Accuracy of Circular Polarization as a Measure of Spin Polarization in Quantum Dot Qubits

A quantum dot spin light emitting diode provides a test of carrier spin injection into a qubit and a means for analyzing carrier spin injection and local spin polarization. Even with 100% spin-polarized carriers the emitted light may be only partially circularly polarized due to the geometry of the dot.
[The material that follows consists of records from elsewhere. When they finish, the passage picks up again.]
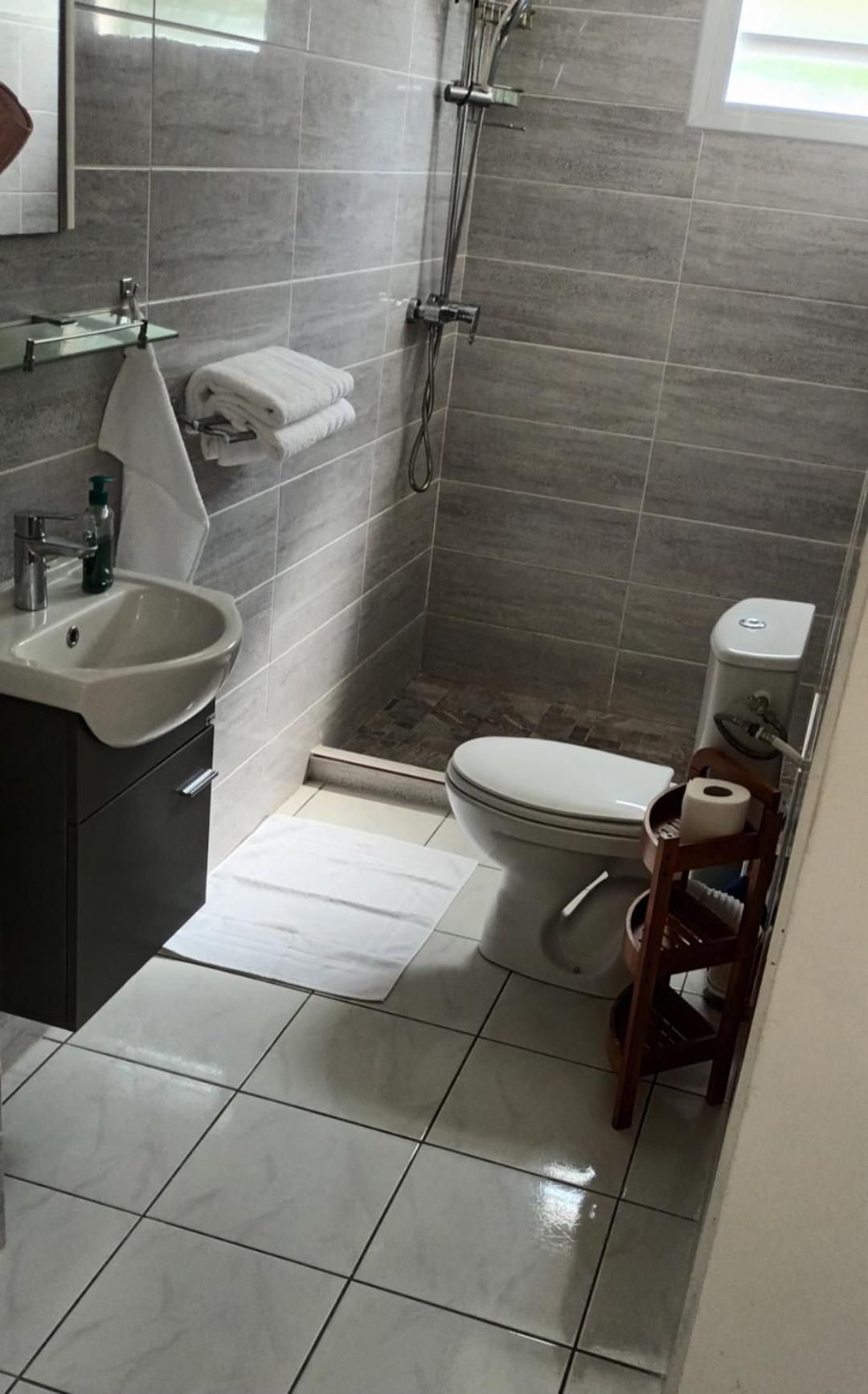 Chambre Climatisee Bouillante Extérieur photo
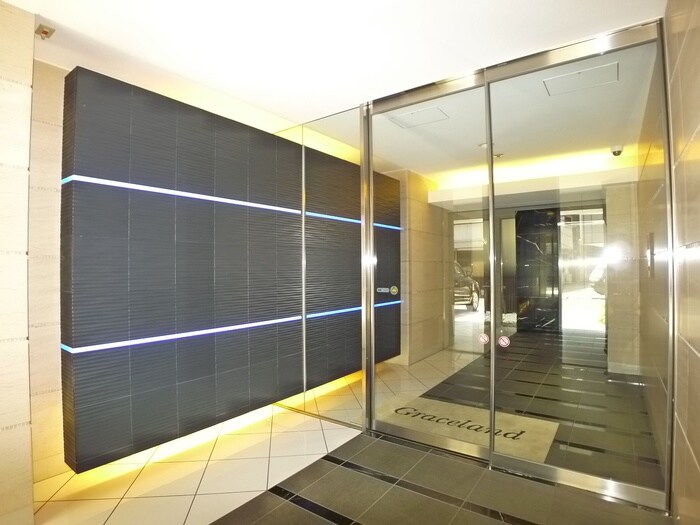 物件外観写真2　(エントランス部分)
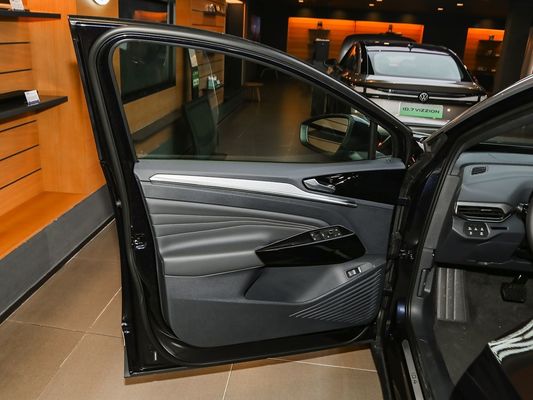 2025 VW Electric Vehicle ID.4 Fast Charging Car Long Range 601km 80.4kWh Battery Hot Selling New Model Good Performance with Sunroof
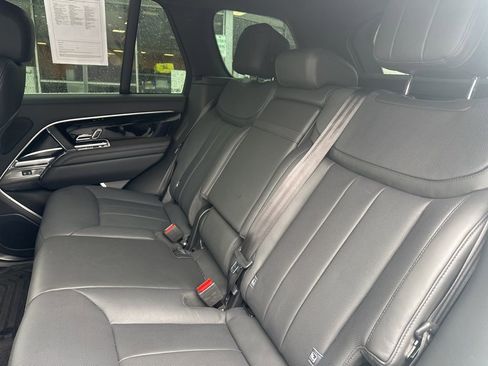 Used 2023 Land Rover Range Rover SE image 12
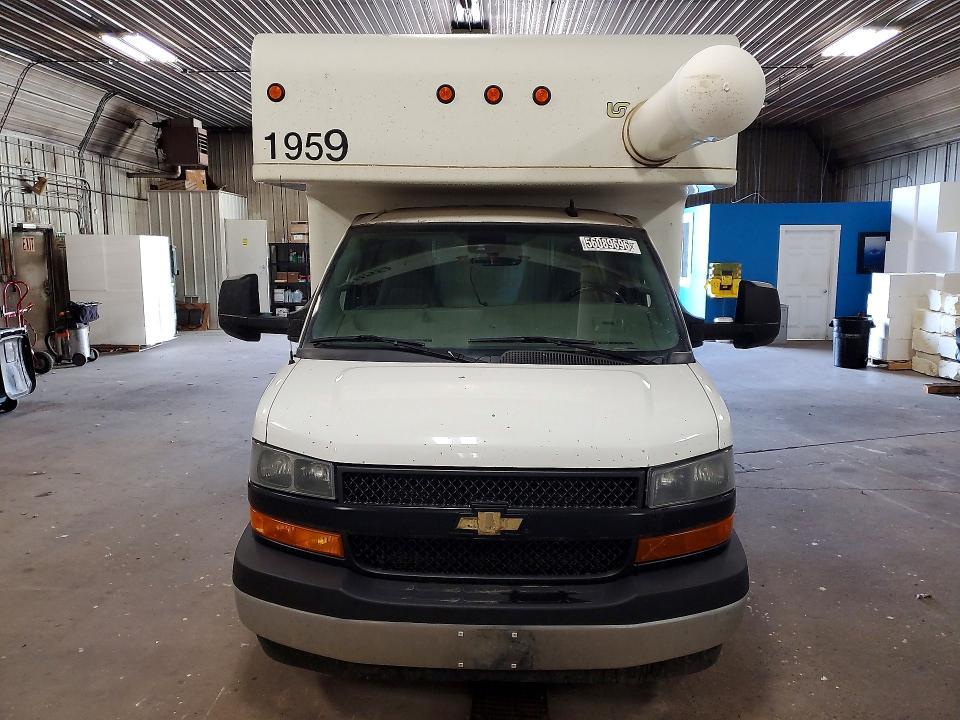 2019 Chevrolet Express BOX Truck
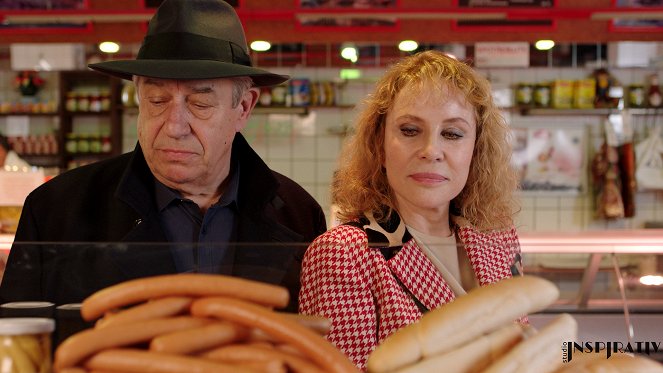 Milosrdná lež - De la película - Zdeněk Maryška, Zora Ulla Keslerová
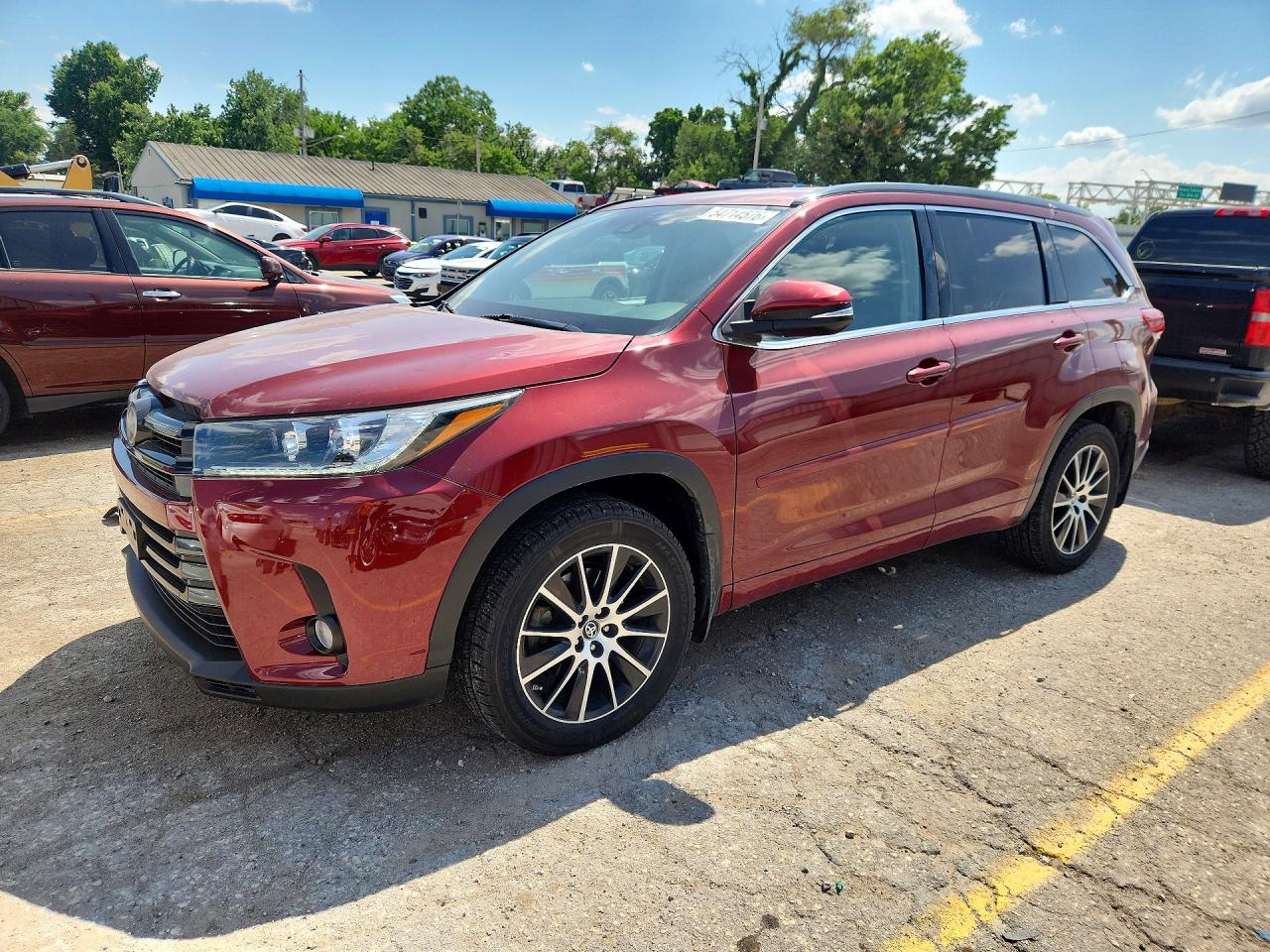 5TDJZRFH4HS456989 · 2017 TOYOTA HIGHLANDER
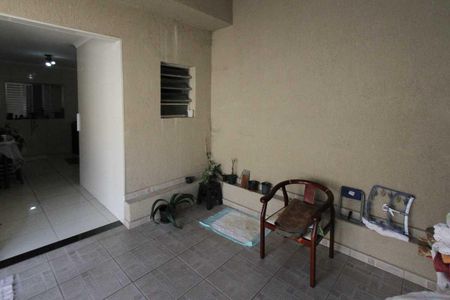 Casa à venda com 300m², 3 quartos e 3 vagas Casa à venda com 300m², 3 quartos e 3 vagasQuarto de Serviço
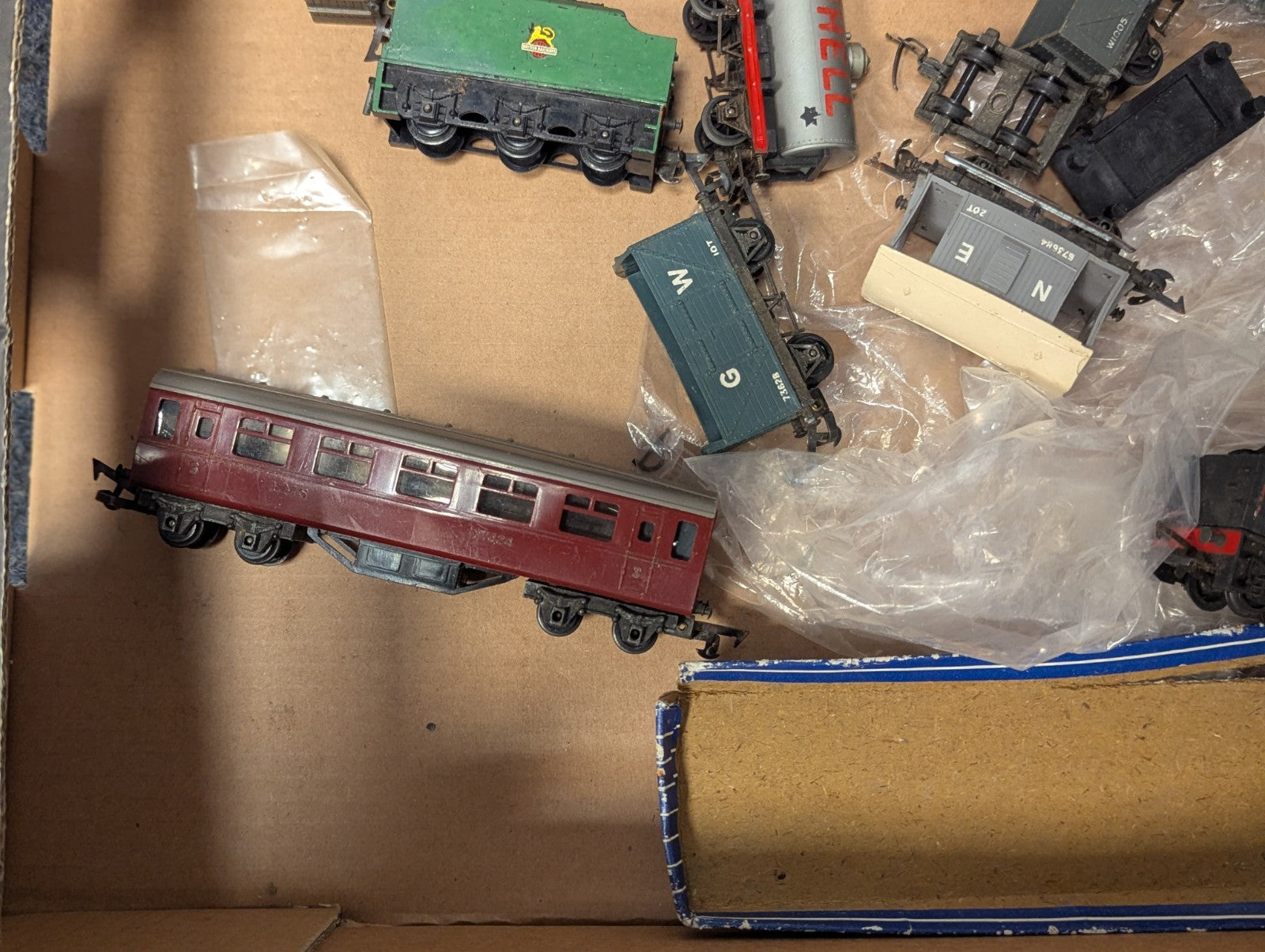 OO Gauge Job Lot of Model Railway Spares & Parts - Lot 208
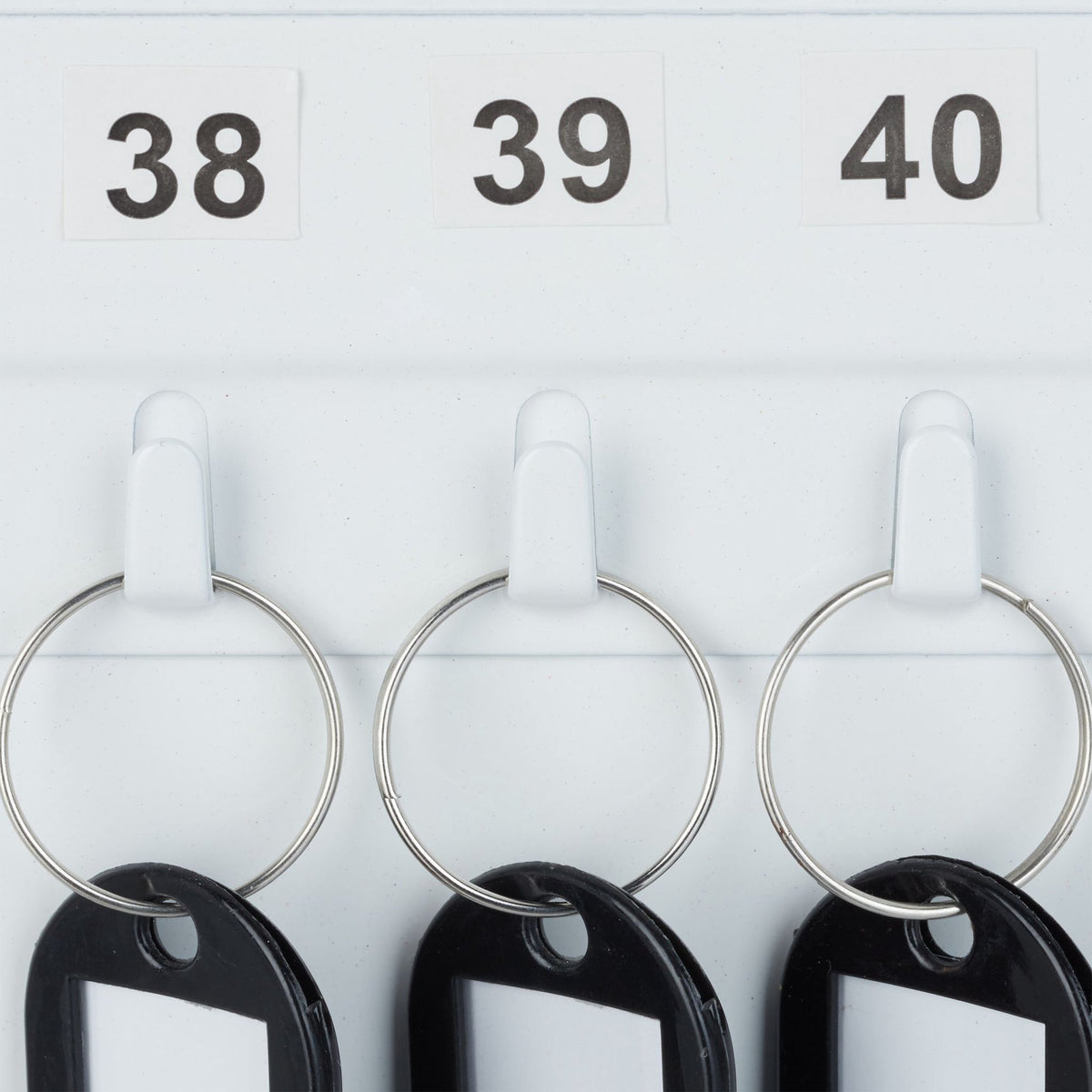 Key cabinet with lock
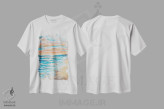 تیشرت سفید طرح دار "در امتداد ساحل"، هنر فاخر معاصر اثر لیندا اولسن | immage.ir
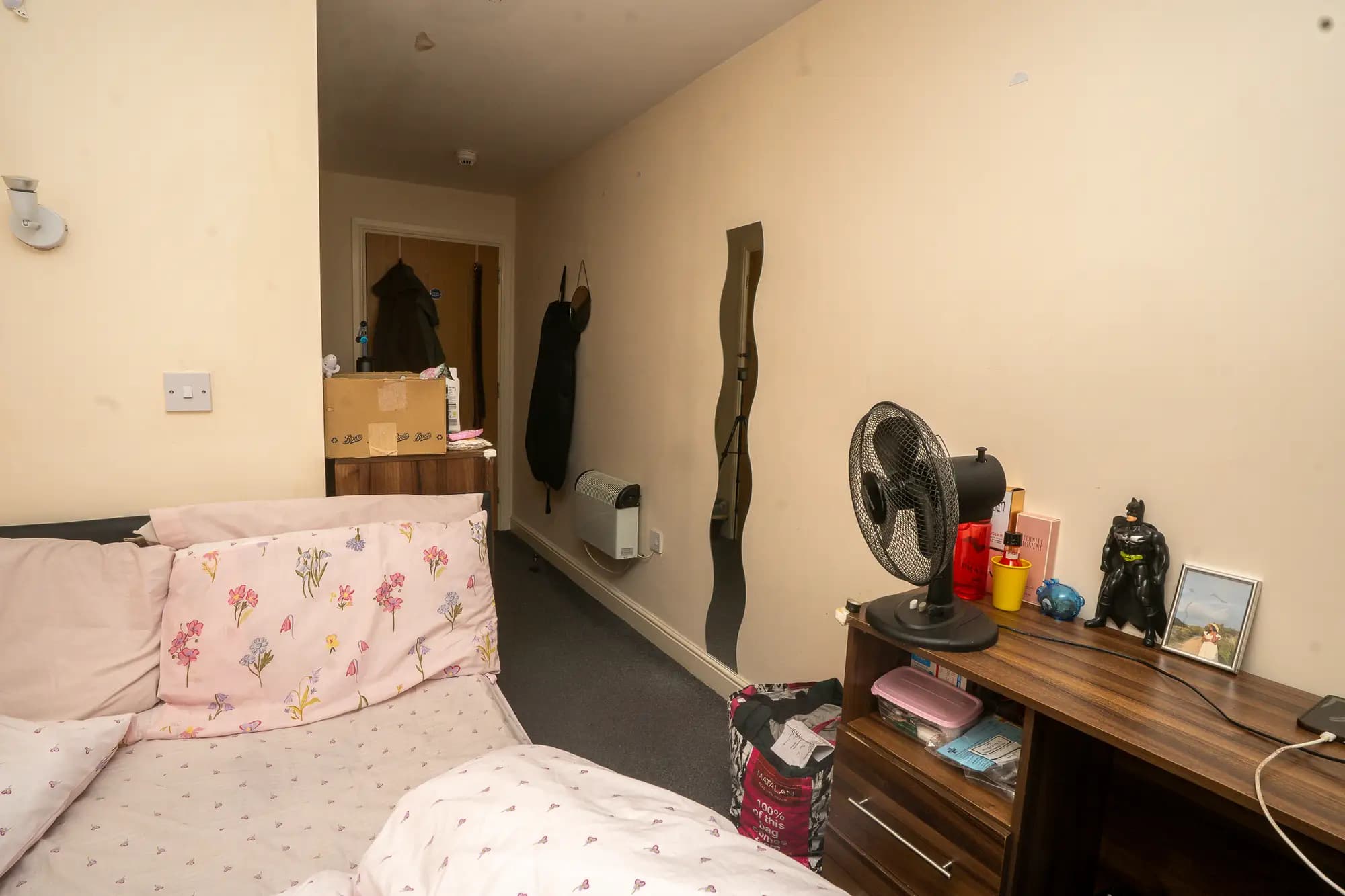 property photo 5 of 13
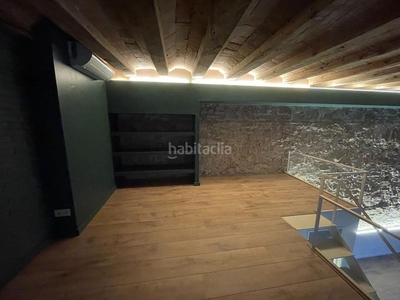 Piso en riereta 35 luminoso piso con altillo y terraza privada en Barcelona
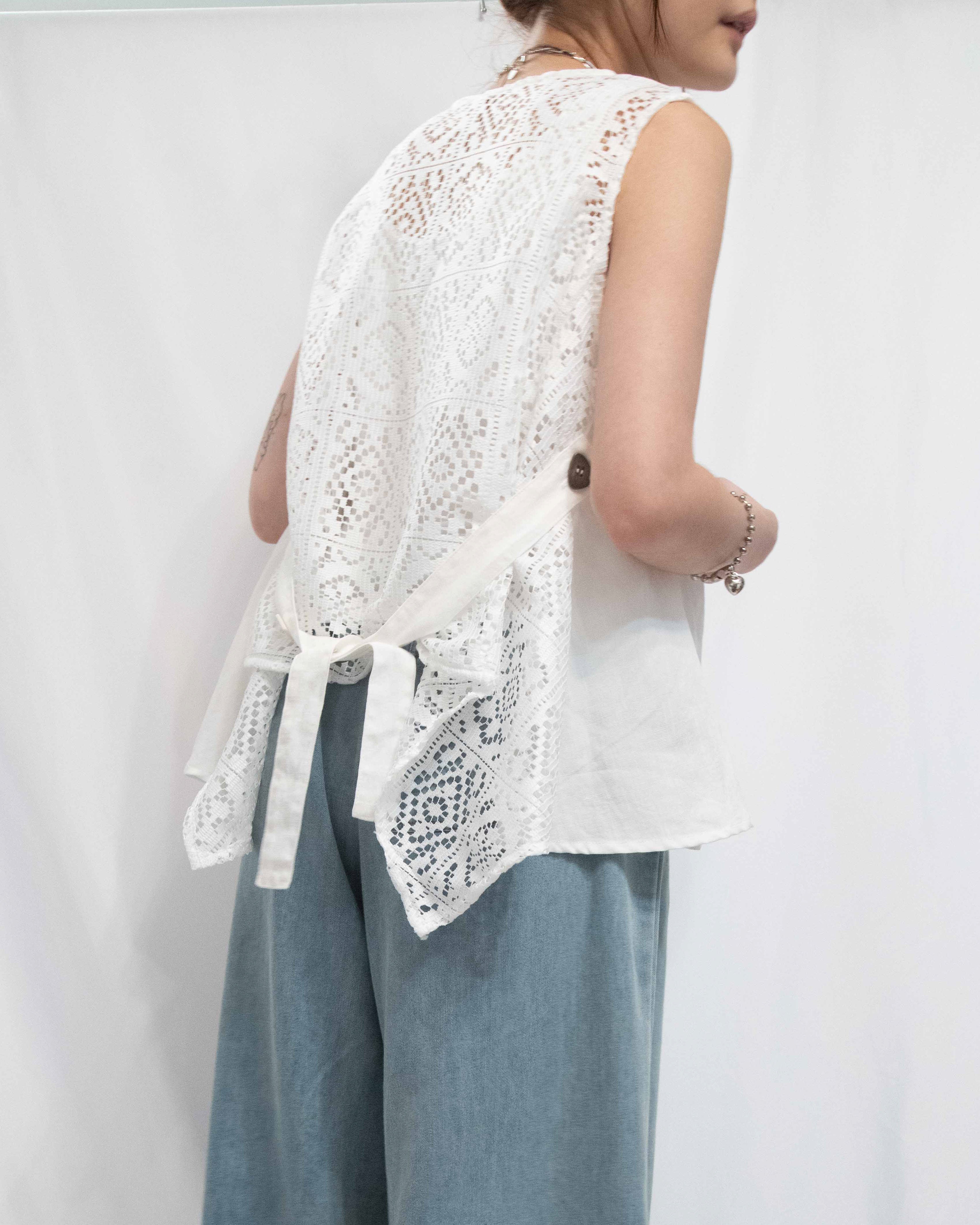 Lace-Back Asymmetric Vest 亞麻不規則背心外套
We have calculated carrier polarization-dependent optical matrix elements for $\mathrm{I}\mathrm{n}\mathrm{A}\mathrm{s}/\mathrm{G}\mathrm{a}\mathrm{A}\mathrm{s}$ self-assembled quantum dots (SAQDs) for electron and hole spin injection into a range of quantum dot sizes and shapes, and for arbitrary emission directions. Calculations for typical SAQD geometries with emission along $[110]$ show light that is only 5% circularly polarized for spin states that are 100% polarized along $[110]$. Measuring along the growth direction gives near unity conversion of spin to photon polarization and is the least sensitive to uncertainties in SAQD geometry.

Figure 1

(a) The quantum dot geometry. (b) Electron and hole wave functions for a dot with $e=1.4$ and $h=2.8\mathrm{n}\mathrm{m}$.

Figure 2

(a) Polarization along $[110]$, as a function of elongation. (b) Polarization along $[110]$, as a function of band gap.

Figure 3

Polarization as a function of spin polarization and light emission direction for a SAQD with $h=2.8\mathrm{n}\mathrm{m}$, $e=1.4$, and $E_g=1.36\mathrm{e}\mathrm{V}$. The SAQD geometry was chosen to make the features more visible. (a) Surface showing $P_d\widehat{d}=\widehat{d}(I_d^{+}-I_d^{-})/(I_d^{+}+I_d^{-})$. (b) $P_d\widehat{d}$ in the $(110)$ and $(1\overline{1}0)$ planes. (c) $P_d\widehat{d}$ in the $(001)$ plane.